Der Verbitterte brütet Fantasien der Rache aus

Dies vertieft beim Verbitterten das Gefühl des Unverständnisses und der Ungerechtigkeit. Er fühlt sich abgewiesen und allein gelassen, er zieht sich noch mehr zurück. In seiner Abgeschiedenheit entwickelt er einen zunehmenden Hass auf die verständnislose, scheinbar heile Welt. Er brütet Fantasien der Rache, der Genugtuung und Gerechtigkeit, des letzten Triumphs aus. Bereits Aristoteles hat in seiner „Nikomachischen Ethik“ die Verbitterung und deren Folgen für den verbitterten Menschen beschrieben.

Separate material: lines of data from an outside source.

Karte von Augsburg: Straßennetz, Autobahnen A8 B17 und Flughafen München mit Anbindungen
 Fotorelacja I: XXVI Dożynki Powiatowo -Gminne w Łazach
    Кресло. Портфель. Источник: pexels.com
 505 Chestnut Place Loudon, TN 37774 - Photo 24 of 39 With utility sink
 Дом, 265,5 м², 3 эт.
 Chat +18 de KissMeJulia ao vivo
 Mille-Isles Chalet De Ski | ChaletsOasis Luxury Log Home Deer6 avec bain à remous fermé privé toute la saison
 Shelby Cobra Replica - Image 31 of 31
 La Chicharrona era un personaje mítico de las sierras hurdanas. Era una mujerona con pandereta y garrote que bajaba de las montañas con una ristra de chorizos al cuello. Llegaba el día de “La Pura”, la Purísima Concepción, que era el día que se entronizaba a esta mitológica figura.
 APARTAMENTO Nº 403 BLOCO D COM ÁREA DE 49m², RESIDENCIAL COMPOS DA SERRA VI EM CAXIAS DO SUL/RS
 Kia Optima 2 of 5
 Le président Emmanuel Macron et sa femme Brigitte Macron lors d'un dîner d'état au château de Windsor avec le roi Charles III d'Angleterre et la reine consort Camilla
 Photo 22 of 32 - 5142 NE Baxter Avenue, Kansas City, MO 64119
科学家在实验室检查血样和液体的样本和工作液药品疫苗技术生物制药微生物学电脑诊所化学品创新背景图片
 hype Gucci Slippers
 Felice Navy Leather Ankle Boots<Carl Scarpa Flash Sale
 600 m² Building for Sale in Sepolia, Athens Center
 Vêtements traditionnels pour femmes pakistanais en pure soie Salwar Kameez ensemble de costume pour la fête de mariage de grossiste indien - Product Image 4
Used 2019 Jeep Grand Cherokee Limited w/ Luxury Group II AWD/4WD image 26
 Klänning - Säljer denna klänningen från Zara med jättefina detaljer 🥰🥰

Aristoteles schreibt: „Verbittert ist der schwer zu Versöhnende, der lange den Zorn festhält; er verschließt die Erregung in seinem Innern und hört damit erst auf, wenn er Vergeltung geübt hat. Denn geübte Vergeltung beschwichtigt die Erregung, indem sie das Gefühl des Schmerzes durch ein Gefühl der Befriedigung ersetzt. Geschieht das nicht, wir der Druck weiter. Denn da die Erregung nicht offen heraustritt, so kann einem solchen auch keiner gut zureden; innerlich aber die Erregung zu verarbeiten, dazu braucht es der Zeit. Diese Art von Menschen ist sich selbst und den vertrautesten Freunden die schwerste Last.“

Die Verbitterung geht nicht vorüber wie die normale Kränkung

Aristotles hat schon vor 2500 Jahren die wesentlichen Punkte der Verbitterung erkannt. Reinhard Haller erklärt: „Das Vordingen negativer Gefühle bis in das Innerste, die Unzulänglichkeit der abgekapselten kränkenden Emotion, den chronischen Stress durch anhaltenden Druck, die nachhaltige Wirkung und die schwere Bewältigung.“ Aristoteles weist darauf hin, wie belastend Verbitterung für die Betroffenen ist und wie schwer erträglich verbitterte Menschen für ihre Umgebung sind.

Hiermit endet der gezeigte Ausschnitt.